- **Material provided**
---+---
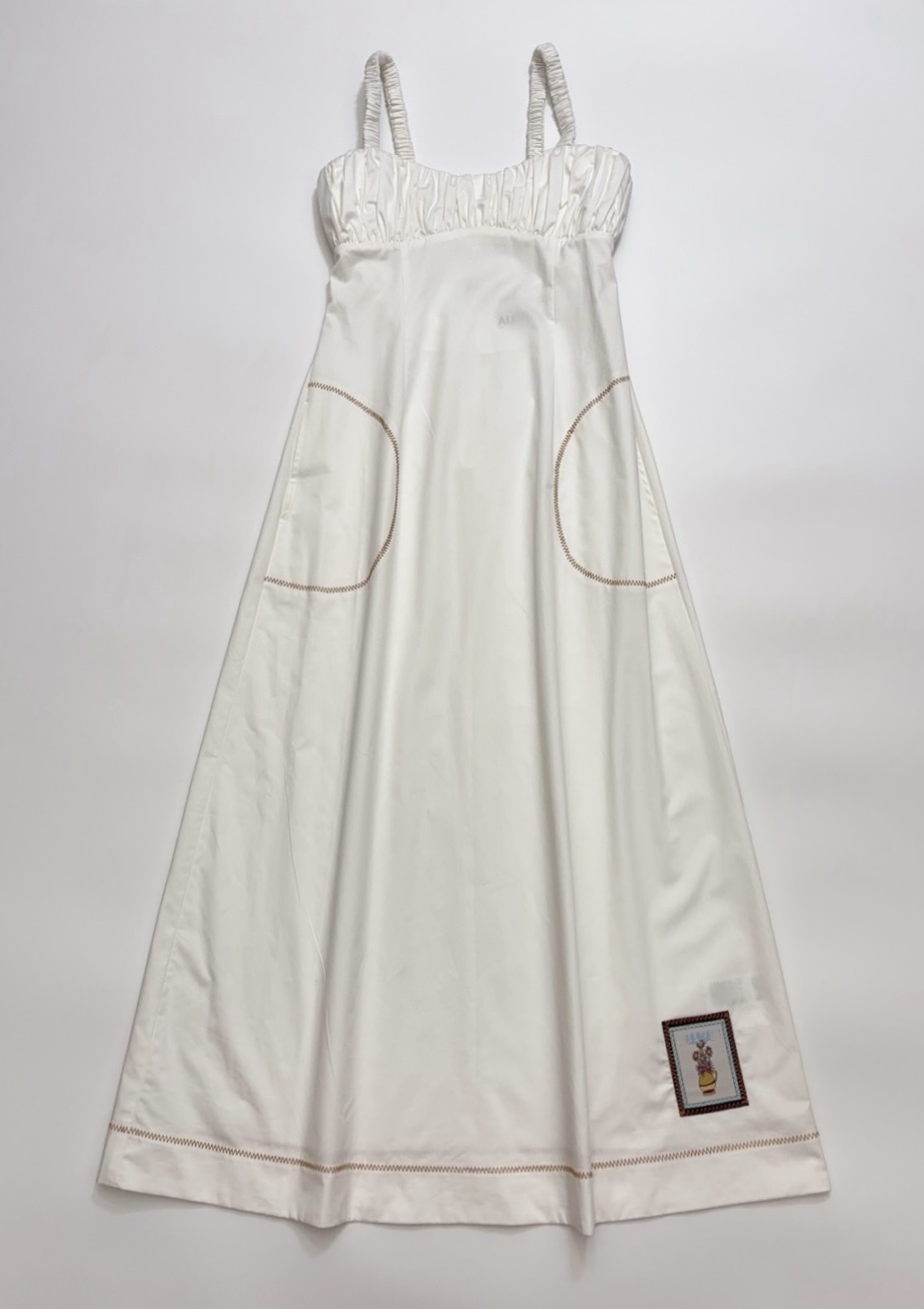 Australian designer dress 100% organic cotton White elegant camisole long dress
---+---
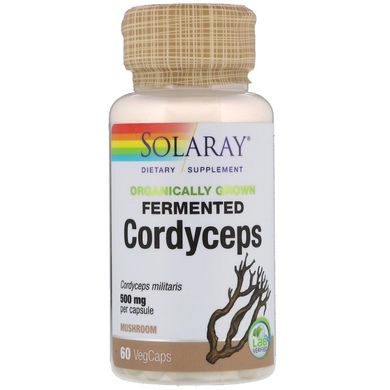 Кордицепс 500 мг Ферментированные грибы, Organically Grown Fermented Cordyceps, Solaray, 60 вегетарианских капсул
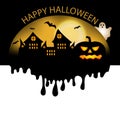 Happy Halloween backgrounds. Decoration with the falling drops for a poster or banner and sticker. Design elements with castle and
---+---
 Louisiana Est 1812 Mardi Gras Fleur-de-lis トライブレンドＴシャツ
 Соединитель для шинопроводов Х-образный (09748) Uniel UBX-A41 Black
---+---
- **What the task requires**
Your answer is the exact run of lines above from the one with "Кордицепс 500 мг" through the one with "Happy Halloween backgrounds.", both ends included, minus any picture.

- **Your response**
 Кордицепс 500 мг Ферментированные грибы, Organically Grown Fermented Cordyceps, Solaray, 60 вегетарианских капсул
 Happy Halloween backgrounds. Decoration with the falling drops for a poster or banner and sticker. Design elements with castle and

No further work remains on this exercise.